Getting Over Big Data Fatigue in the C Suite
Dec 8, 2012 5:00 AM PT
Recently while presenting the findings of a Big Data survey to an executive team, I was a bit taken aback when the CEO stopped me and said, "I'll listen to what you learned from the survey as long as you don't use those two words again -- 'Big Data' -- I've already told my team there will be hell to pay if one more person tells me, 'we ought take a look at what Big Data can do for us,' that may be the last suggestion they make at the company." I would love to say I was surprised, but it wasn't the first time I had heard this sentiment from an executive.
What is driving this reticence? The term Big Data has become so overused that its meaning is eroding. The term makes up in hype what it lacks in specificity and people are sick of its overuse. Despite potentially becoming unwitting victims to Big Data's hype, these executives are emblematic of a new wave of sentiment that is gaining momentum within corporate America.
Hard work and planning is required for Big Data to deliver on its promises.
Critical to Success
Big Data is real and can be a critical component to the success of enterprises. The backlash is focused on the trend's hype rather than its impact. One of the problems with the term comes from the word "Big." People are getting caught up on the quantity side of the equation rather than the quality of the business insights that analytics can unearth.
The fact is that much of the media attention has focused on what companies like Google, LinkedIn, eBay and Facebook have been able to accomplish through strategic Big Data initiatives. Unfortunately, these companies' business models are dramatically different from most traditional American businesses. They were actually created from and born into a Big Data world. Rather than leveraging things like Internet, social media, and sensor information, for example, the average Fortune 500 business leader is tasked with simply managing and making sense of years of legacy data that has been stored throughout the organization.

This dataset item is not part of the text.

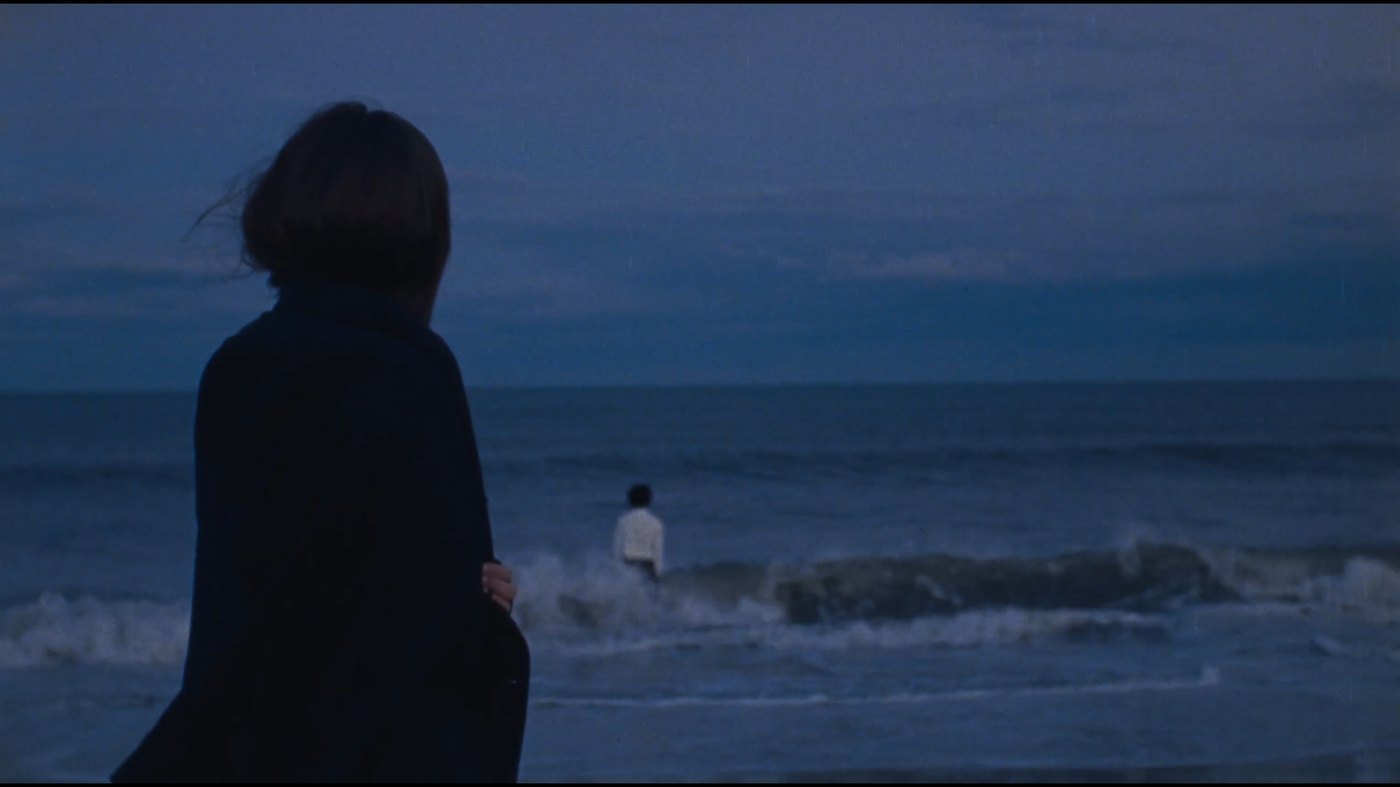 A woman watches from the shore as a man walks into the sea at blue hour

Finding a better way to more quickly glean valuable insights from these existing sources of disparate data is the real near-term victory for businesses. Variety and velocity are the primary Big Data issues enterprises are facing today, not volume. Enterprises' ability to quickly analyze and leverage diverse data sources is the true game changer.
Rather than sucking in every imaginable piece of data into analytics models, companies should focus on the speed and quality of their analytics. The amount of data does not have any bearing on the success of a Big Data initiative. Big Data tools and platforms enable companies to more cost-effectively and easily take existing information that historically may not be readily accessible to analytics processes and put it into action to get answers more quickly, thereby decreasing their time-to-answer (TTA) for specific queries.
TTA is a key concept for enterprises' considering Big Data initiatives. Currently, many enterprises are swamped with legacy information and even basic questions can take weeks, if not months to answer. Focusing on accelerating TTA is a surefire way to ensure companies enjoy the benefits promised by Big Data evangelists. An important step in achieving these goals is to clearly delineate known business insights from unknown.
Knowns and Unknowns
A key to sustainable success in the business world is to learn what you do not know. Successful companies constantly challenge their assumptions and beliefs by looking for new insights into their customers, markets, products and risks. To do this well, they must pursue the new while continuing to operate on the known -- creating a healthy continuous improvement model for Big Data initiatives.
Before companies can create meaningful new insights from Big Data, they must first govern their existing sources of data -- the known. To do so, the following architecture standards and guidelines should be followed for governing known information:
- Cleansed, mastered and pre-integrated analytic and operational data
- Common metrics, models and BI capabilities
- Up-to-date business and technical metadata
- Rigorous change management
- TTA Accelerators: Standards, scale and high availability
Conversely, the new source of data can be a bit more unruly. To gain new insights, organizations must draw on data from internal and external sources including social media, government data, service and sales data and research. New discovery must then be lightly governed, and include the following:
- Access to known data & definitions
- Secure, large workspace for working with external data
- Rapid profiling, quality and data integration tools
- Non-standard analytic routines and data structures
- Ability to load complete data sets without data modeling
- TTA Accelerators: Powerful infrastructure, specialized tools
The new and the known must be symbiotic systems connected to and feeding each other. New analyses require rapid access to all the known data representing the reality of today's business. Conversely, there must be a disciplined approach to promoting new insights, data, and models to evolve the known. Without this linkage, the systems diverge into incoherence.
Accelerating TTA is a concrete goal that Big Data initiatives can strive to achieve, providing metrics that executives can see. The key to streamlining the time from a corporate question to game-changing business insight is to establish a thoughtful, manageable approach to data analysis.
Strong governance and the oversight of known data capabilities must coexist with agile data analysis to pave the way for new discoveries and insights. The promise of Big Data is enormous, but it must be taken in context. New and emerging Big Data technologies can help dramatically reduce TTA, but enterprises must be prepared to take time and build an ecosystem that can: capture and create data, cleanse and organize it, mine business insights from it, and use those insights for business gains. Once that happens, executives will be happy to bring "Big Data" back into their lexicon.